MESSAGE 代表者挨拶

1962年の創業以来、富士経済グループは「信用第一」の経営理念のもと、本業に徹することにより、お客様に質の高い情報を提供しご満足いただけるよう努めてまいりました。その積み重ねにより、2022年6月に創業60周年を迎えました。

富士経済グループが歩んできた60年は日本経済の歩みと共にありました。高度経済成長を経た後、二度にわたるオイルショック、変動相場制移行、バブル経済とその崩壊、経済のグローバリゼーション、リーマンショック後の金融危機など、日本経済は様々な課題に直面しましたが、産業界は環境の変化にその都度対応してきました。長年日本の産業をリードしてきた鉄鋼、化学、自動車などの重厚長大産業やエレクトロニクス産業は新興国の追い上げを受けながらも、環境対応・エネルギー問題など、時代の要求を取り入れ、さらなる発展を目指しています。また、AI、ICT、ナノテクノロジー、バイオテクノロジーなどのイノベーションを取り入れた新たなビジネスモデルも次々に生み出されています。
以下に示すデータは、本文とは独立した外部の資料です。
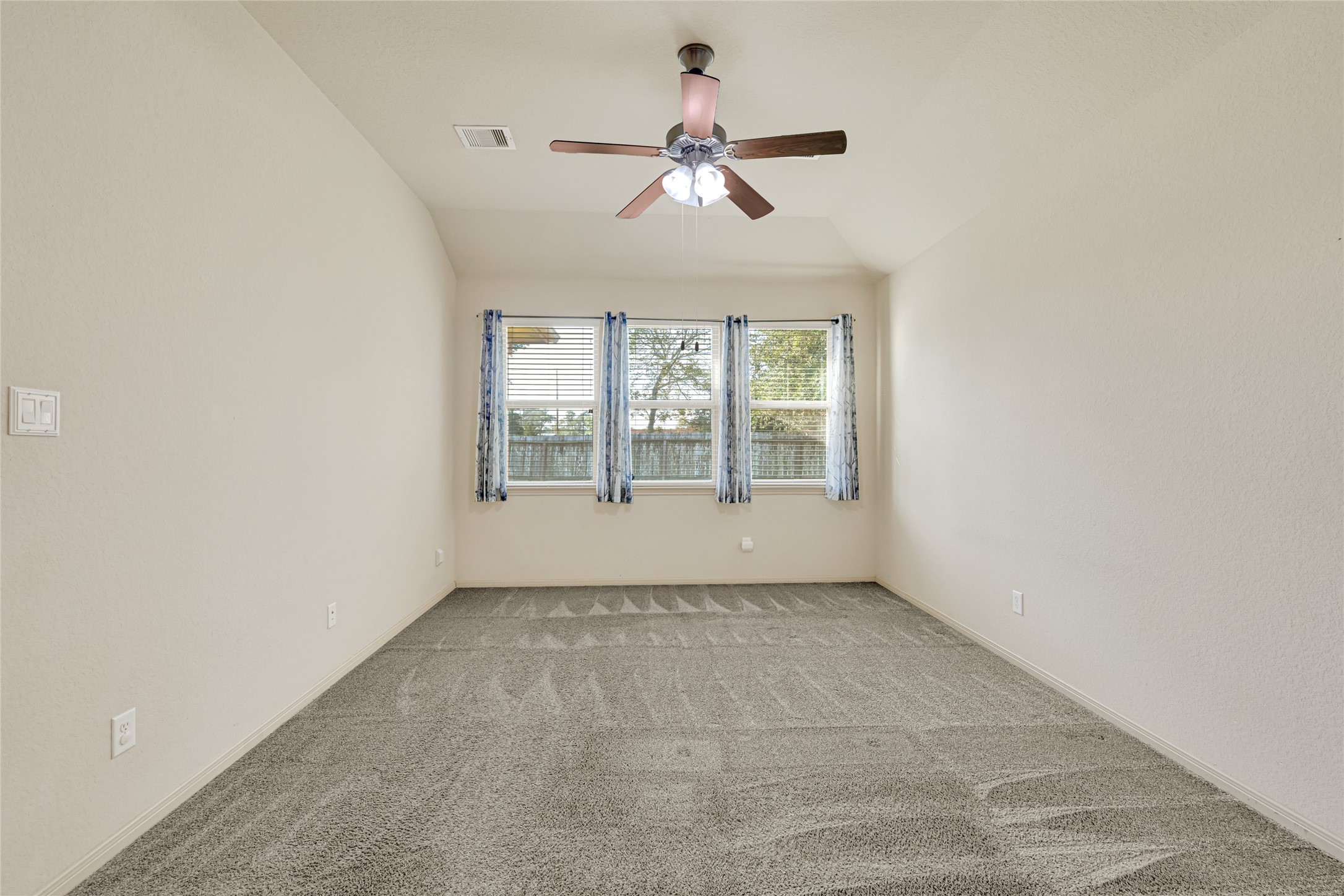 2207 Antler Trails Drive Property Photo 23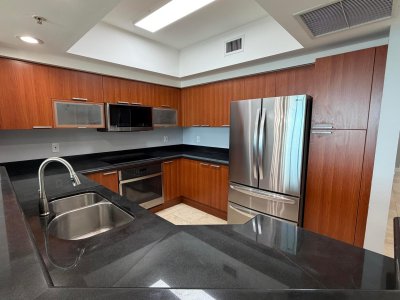 Comprar apartamento no One Fifty One at Biscayne 1603
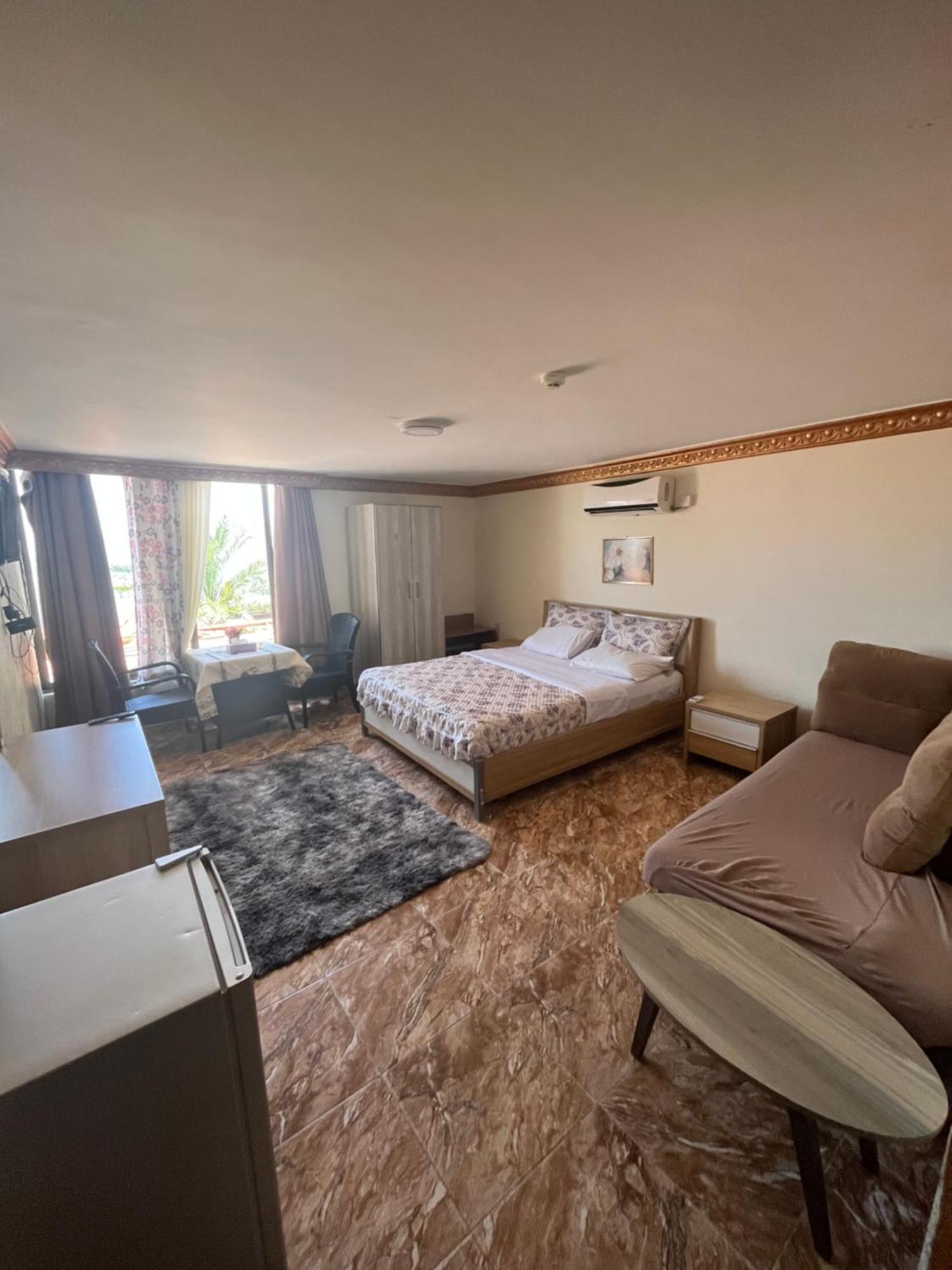 Al-Amer Chalets Aqaba Eksteriør billede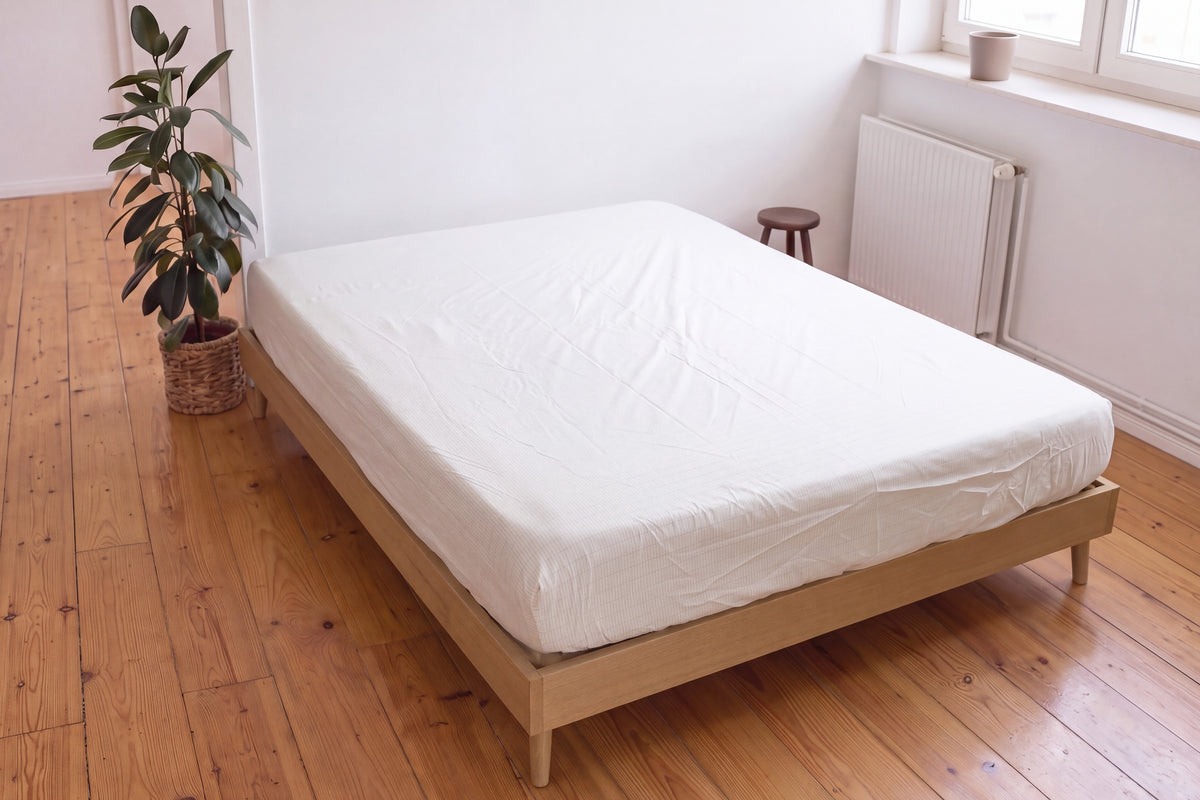 Earthle earthing fitted sheet on a double bed in a bright bedroom, 200 x 160 x 30 cm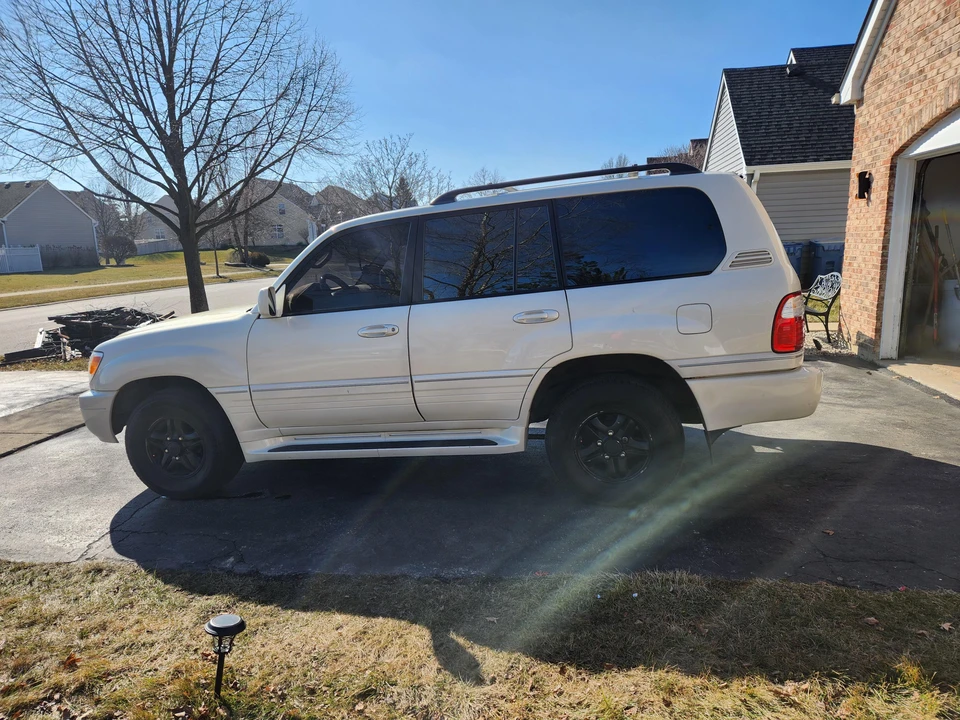 2002 Lexus LX 2nd Gen - Image 20 of 31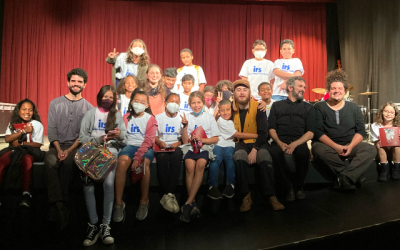 Participantes do IRS assistem à peça “O Vira-lata”, no Teatro Ipanema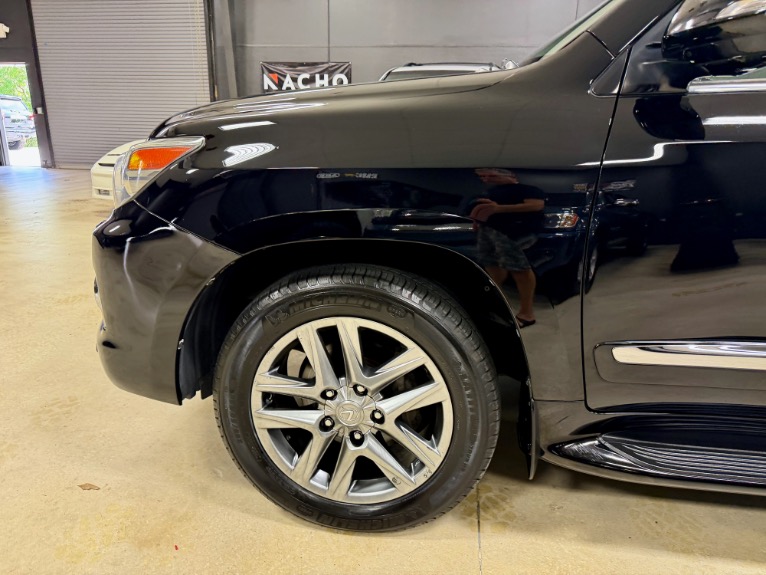 2013 Lexus LX 570 - Photo 21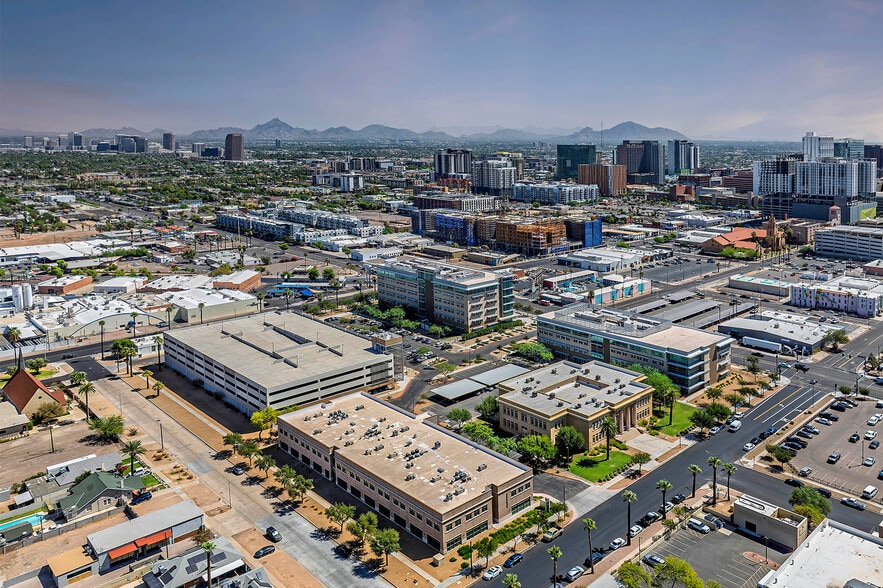 Madison Square - Phoenix portfolio of 4 properties for sale on LoopNet.ca - Building Photo - Image 2 of 20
2020年以降の国際社会は、これまでにない大きな変化が求められています。COVID-19の世界的な流行は、社会の在り方を根本的に変えるインパクトを与えました。加えて、地政学的リスクの高まりや、環境問題の深刻化によるエネルギーシフトの必要性、SDGs実現に向けての取り組み実践など、様々な課題が顕在化しています。このように激しく変動し、将来を予測しがたい環境の中で、企業が成長を持続させるためには、刻々と変化する市場の動きに対しスピーディかつ的確な情報キャッチが求められています。

富士経済グループは、生産財、社会・インフラならびに消費財まで幅広い分野において、専門リサーチャーを育成し、フィールド(市場)における「今と将来」の情報を収集しています。そして、それらを基に市場を多面的に分析し、信頼性、客観性の高いデータをお客様に提供し続ける事業パートナーを目指しています。

ホールディングカンパニーの富士経済グループ本社、市場調査データやコンサルティング情報を提供する富士経済、富士キメラ総研、富士経済ネットワークス、出版活動を通して文化を発信する教育評論社及び中国現地法人2社のグループ総合力を生かし、これからも、一丸となって“世界の富士経済グループ”を目指し、お客様のさまざまな調査ニーズにお応えしてまいります。